[Crawled caption data]
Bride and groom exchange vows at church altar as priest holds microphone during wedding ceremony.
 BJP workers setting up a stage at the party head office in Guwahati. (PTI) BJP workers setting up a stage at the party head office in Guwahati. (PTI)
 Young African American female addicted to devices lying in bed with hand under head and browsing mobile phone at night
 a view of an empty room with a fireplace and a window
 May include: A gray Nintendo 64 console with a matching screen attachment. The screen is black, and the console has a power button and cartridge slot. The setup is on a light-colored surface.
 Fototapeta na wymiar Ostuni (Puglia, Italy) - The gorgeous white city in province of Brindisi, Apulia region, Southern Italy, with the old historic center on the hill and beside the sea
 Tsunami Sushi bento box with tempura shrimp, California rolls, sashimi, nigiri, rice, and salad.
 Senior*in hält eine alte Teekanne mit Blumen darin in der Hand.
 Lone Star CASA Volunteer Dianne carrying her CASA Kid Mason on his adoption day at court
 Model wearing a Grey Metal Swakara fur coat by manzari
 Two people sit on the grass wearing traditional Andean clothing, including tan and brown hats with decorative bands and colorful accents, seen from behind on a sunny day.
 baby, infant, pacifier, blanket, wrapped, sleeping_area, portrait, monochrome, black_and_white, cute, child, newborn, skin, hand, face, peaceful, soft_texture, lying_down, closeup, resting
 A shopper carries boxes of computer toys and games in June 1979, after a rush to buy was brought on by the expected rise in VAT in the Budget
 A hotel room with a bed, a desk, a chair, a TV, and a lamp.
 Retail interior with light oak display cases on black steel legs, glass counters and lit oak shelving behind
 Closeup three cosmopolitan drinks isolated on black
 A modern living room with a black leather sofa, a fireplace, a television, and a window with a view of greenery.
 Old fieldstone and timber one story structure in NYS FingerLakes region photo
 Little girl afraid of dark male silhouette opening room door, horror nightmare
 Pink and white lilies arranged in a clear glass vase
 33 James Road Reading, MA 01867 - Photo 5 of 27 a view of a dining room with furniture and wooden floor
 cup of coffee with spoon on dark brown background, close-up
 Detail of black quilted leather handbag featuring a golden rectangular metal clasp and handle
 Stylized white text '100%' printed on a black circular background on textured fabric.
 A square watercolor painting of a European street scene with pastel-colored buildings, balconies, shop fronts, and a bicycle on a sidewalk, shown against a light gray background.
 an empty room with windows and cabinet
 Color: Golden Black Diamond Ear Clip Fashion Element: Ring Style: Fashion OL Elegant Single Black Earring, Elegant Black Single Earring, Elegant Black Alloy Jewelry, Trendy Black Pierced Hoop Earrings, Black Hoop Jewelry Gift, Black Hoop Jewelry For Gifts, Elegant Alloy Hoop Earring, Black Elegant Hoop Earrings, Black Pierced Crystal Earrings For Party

## HOW TO COMPLETE THIS TASK:
For the lines above, output exactly those from the line containing "lying_down, closeup, resting" through the line containing "A hotel room", and skip the others.

## RESPONSE TO THIS EXERCISE:
 baby, infant, pacifier, blanket, wrapped, sleeping_area, portrait, monochrome, black_and_white, cute, child, newborn, skin, hand, face, peaceful, soft_texture, lying_down, closeup, resting
 A shopper carries boxes of computer toys and games in June 1979, after a rush to buy was brought on by the expected rise in VAT in the Budget
 A hotel room with a bed, a desk, a chair, a TV, and a lamp.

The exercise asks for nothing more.